Delete Node at Specific Position in DSA Python - Time & Space Complexity
We want to know how long it takes to remove a node from a linked list at a certain position.
How does the time needed change as the list gets bigger?
Analyze the time complexity of the following code snippet.
class Node:
def __init__(self, data):
self.data = data
self.next = None
def delete_node(head, position):
if position == 0:
return head.next
current = head
for _ in range(position - 1):
current = current.next
current.next = current.next.next
return head
This code removes the node at the given position from a singly linked list.
Identify the loops, recursion, array traversals that repeat.
- Primary operation: Loop moving through the list to reach the node before the one to delete.
- How many times: Up to position - 1 times, depending on where the node is.
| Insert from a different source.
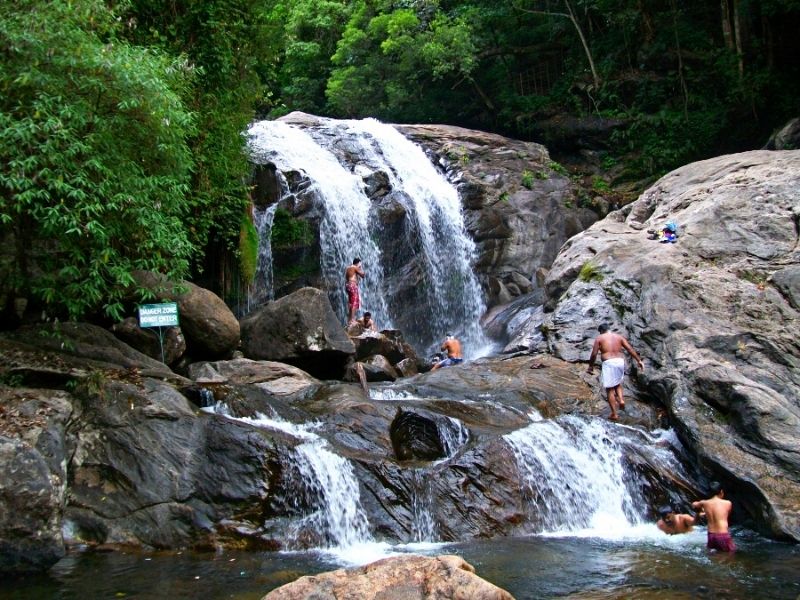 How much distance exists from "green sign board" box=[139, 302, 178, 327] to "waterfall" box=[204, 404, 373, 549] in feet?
8.70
As the list grows, the time to reach the node grows too, because we move step by step.
| Input Size (n) | Approx. Operations |
|---|---|
| 10 | Up to 9 steps |
| 100 | Up to 99 steps |
| 1000 | Up to 999 steps |
Pattern observation: The number of steps grows roughly in direct proportion to the position of the node.
Time Complexity: O(n)
This means the time to delete a node grows linearly with the position of the node in the list.
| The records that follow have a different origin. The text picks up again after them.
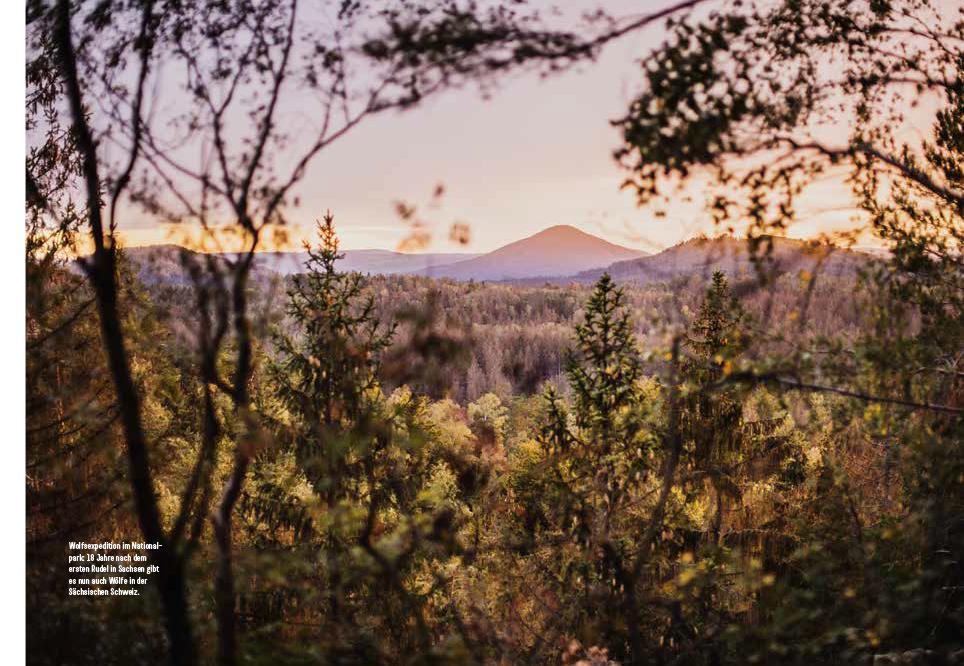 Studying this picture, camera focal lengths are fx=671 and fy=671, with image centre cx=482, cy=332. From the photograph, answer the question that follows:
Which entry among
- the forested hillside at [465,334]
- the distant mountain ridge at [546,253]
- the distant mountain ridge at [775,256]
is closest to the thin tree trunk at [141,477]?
the forested hillside at [465,334]

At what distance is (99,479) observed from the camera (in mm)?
6129

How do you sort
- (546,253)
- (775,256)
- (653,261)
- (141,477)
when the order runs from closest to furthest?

[X] Wrong: "Deleting a node always takes the same short time no matter where it is."
[OK] Correct: Because we must first walk through the list to find the node before the one to delete, so deleting near the end takes longer.
Understanding how linked list operations scale helps you explain your code clearly and shows you know how data structures work under the hood.
"What if we had a doubly linked list? How would the time complexity of deleting a node at a specific position change?"